Prime factorization of $$$1128$$$

Find the prime factorization of $$$1128$$$.

Start with the number $$$2$$$.

Determine whether $$$1128$$$ is divisible by $$$2$$$.

It is divisible, thus, divide $$$1128$$$ by $$${\color{green}2}$$$: $$$\frac{1128}{2} = {\color{red}564}$$$.

Determine whether $$$564$$$ is divisible by $$$2$$$.

It is divisible, thus, divide $$$564$$$ by $$${\color{green}2}$$$: $$$\frac{564}{2} = {\color{red}282}$$$.

Determine whether $$$282$$$ is divisible by $$$2$$$.
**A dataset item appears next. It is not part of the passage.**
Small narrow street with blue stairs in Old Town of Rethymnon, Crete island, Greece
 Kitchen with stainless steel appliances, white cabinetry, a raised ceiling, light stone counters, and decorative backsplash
It is divisible, thus, divide $$$282$$$ by $$${\color{green}2}$$$: $$$\frac{282}{2} = {\color{red}141}$$$.

Determine whether $$$141$$$ is divisible by $$$2$$$.

Since it is not divisible, move to the next prime number.

The next prime number is $$$3$$$.

Determine whether $$$141$$$ is divisible by $$$3$$$.

It is divisible, thus, divide $$$141$$$ by $$${\color{green}3}$$$: $$$\frac{141}{3} = {\color{red}47}$$$.

The prime number $$${\color{green}47}$$$ has no other factors then $$$1$$$ and $$${\color{green}47}$$$: $$$\frac{47}{47} = {\color{red}1}$$$.

Since we have obtained $$$1$$$, we are done.

Now, just count the number of occurences of the divisors (green numbers), and write down the prime factorization: $$$1128 = 2^{3} \cdot 3 \cdot 47$$$.

The prime factorization is $$$1128 = 2^{3} \cdot 3 \cdot 47$$$A.